Di Rocco
Spesso la cavalleria si accosta al solo concetto di utilizzo del cavallo nella pratica militare, al crociato disilluso di ritorno dalla terra santa o al templare inginocchiato verso la croce.
Effettivamente questi tre elementi non sono del tutto errati analizzando il contesto medievale in una maniera molto ampia e molto generica. In realtà però, la cavalleria, nella figura del cavaliere e della “Fraternitas” a cui apparteneva, era un’élite di pensiero e di azione. Non per forza i cavalieri erano legati al contesto religioso, anzi, essi rappresentavano nella società i “Bellatores”, la casta guerriera che si poneva tra gli “Oratores” e i “Laboratores” andando a creare una struttura organica che reggeva la società medievale.
Quello del cavaliere, comunque, era anzitutto un modo di essere guidato da una fede e un ideale.
Il cavaliere si poneva a bastione degli “inermes”, gli inermi, quali appunto vecchi, donne e bambini; seguiva la via dell’onore, la via del coraggio e della fedeltà e ricercava la verità.

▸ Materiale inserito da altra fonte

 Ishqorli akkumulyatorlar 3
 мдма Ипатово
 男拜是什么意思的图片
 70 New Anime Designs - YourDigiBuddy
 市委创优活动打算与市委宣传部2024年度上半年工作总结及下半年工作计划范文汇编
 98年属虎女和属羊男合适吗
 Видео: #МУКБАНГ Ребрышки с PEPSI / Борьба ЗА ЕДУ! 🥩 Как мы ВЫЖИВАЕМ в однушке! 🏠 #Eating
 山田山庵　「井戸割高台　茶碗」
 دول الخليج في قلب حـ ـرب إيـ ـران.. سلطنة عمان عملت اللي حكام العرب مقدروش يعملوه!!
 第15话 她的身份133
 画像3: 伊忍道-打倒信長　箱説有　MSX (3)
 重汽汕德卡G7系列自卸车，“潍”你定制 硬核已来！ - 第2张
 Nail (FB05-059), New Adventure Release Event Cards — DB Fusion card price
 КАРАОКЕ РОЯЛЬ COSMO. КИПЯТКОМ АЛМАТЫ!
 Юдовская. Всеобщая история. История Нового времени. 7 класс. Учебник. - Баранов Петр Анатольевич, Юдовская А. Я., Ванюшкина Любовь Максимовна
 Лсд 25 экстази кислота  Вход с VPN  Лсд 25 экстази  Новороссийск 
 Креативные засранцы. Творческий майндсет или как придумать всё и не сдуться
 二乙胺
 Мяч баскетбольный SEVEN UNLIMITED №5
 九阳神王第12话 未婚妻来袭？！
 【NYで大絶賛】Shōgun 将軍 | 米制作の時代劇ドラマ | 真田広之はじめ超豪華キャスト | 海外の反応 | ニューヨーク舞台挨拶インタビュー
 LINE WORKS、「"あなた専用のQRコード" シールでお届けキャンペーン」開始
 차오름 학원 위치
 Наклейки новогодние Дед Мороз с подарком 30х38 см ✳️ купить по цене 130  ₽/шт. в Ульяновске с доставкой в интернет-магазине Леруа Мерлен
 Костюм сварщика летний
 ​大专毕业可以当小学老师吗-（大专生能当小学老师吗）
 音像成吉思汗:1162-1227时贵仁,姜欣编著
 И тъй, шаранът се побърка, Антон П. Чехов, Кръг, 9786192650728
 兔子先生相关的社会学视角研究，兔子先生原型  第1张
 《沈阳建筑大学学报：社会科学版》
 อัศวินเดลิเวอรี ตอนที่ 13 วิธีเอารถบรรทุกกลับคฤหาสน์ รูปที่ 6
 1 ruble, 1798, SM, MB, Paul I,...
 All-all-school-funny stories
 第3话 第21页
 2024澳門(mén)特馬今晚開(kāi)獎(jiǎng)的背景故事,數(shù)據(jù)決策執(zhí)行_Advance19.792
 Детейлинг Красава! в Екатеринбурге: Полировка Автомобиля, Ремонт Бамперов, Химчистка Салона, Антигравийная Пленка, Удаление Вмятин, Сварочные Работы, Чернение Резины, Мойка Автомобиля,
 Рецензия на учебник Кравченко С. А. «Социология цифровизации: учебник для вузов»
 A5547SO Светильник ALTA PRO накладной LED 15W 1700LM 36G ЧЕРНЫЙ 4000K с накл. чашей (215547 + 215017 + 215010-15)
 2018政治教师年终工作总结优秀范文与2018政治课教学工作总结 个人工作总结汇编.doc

La cavalleria non era, quantomeno in principio, una casta chiusa. Bastava votarsi al codice cavalleresco per diventarne uno. Questo a smentire quantomeno in parte il classismo becero di cui vengono accusati.
Spesso diventare cavaliere non era neanche conveniente, era quindi una scelta di cuore e non di pancia.
L’effige del cavaliere divenne quasi mistica, i più deboli addirittura ne invocavano la venuta nel momento del bisogno. Il cavaliere aveva assunto la figura di colui che combatteva nonostante l’incertezza della vittoria, rimanendo fedele ai suoi principi fino al trionfo o fino alla morte. Meglio quest’ultima che il disonore.
Legare e donare se stessi ad una causa e ad un giuramento.
L’unica certezza era quella della lotta, costante nella vita del cavaliere anche in tempi di pace.
Il nemico del cavaliere venne incarnato dalla classe mercantile e borghese. Non nelle persone fisiche ma nella loro mentalità. La cosiddetta “Gens Novae” non vedeva un orizzonte nella lotta, ne tantomeno aveva un codice di valori e di ideali che la “Fraternitas” cavalleresca ebbeinvece sin dal suo principio. La neonata “Gens Novae” era fondamentalmente materialista, e finalizzava la sua esistenza ricercando una ricchezza spasmodica. Per quest’ultima ideali, guerra e valori erano una perdita di tempo. La lotta non era una possibilità di innalzare una virtù, ma una perdita di bilancio.
Laddove il cavaliere vedeva nel cavaliere nemico un confratello in campo opposto, il mercante che combatteva vedeva nel cavaliere solo un soggetto che interrompeva la sua attività facendogli perdere denaro e rischiare la vita.
Il mercante combatteva libero da qualsiasi deontologia militare e sotto lo stimolo dell’urgenza di tornare presto ai propri affari sospesi.
Col tempo e le innovazioni militari la figura del cavaliere venne meno, dove la tradizione cavalleresca arrancava la “gens novae” guadagnava terreno.
Oggi la figura del mercante ha assunto una posizione predominante: il ricco capitalista senza scrupoli che manovra popoli e nazioni è un qualcosa di effettivo e visibile, mentre la “fraternitas” cavalleresca è venuta meno. Ma nonostante l’imparità della lotta e nonostante l’incertezza della vittoria possiamo ancora essere cavalieri del nostro tempo.
Possiamo ancora legarci ad una fede.
Possiamo ancora legarci ad un giuramento.
Possiamo ancora avere un orizzonte nella lotta.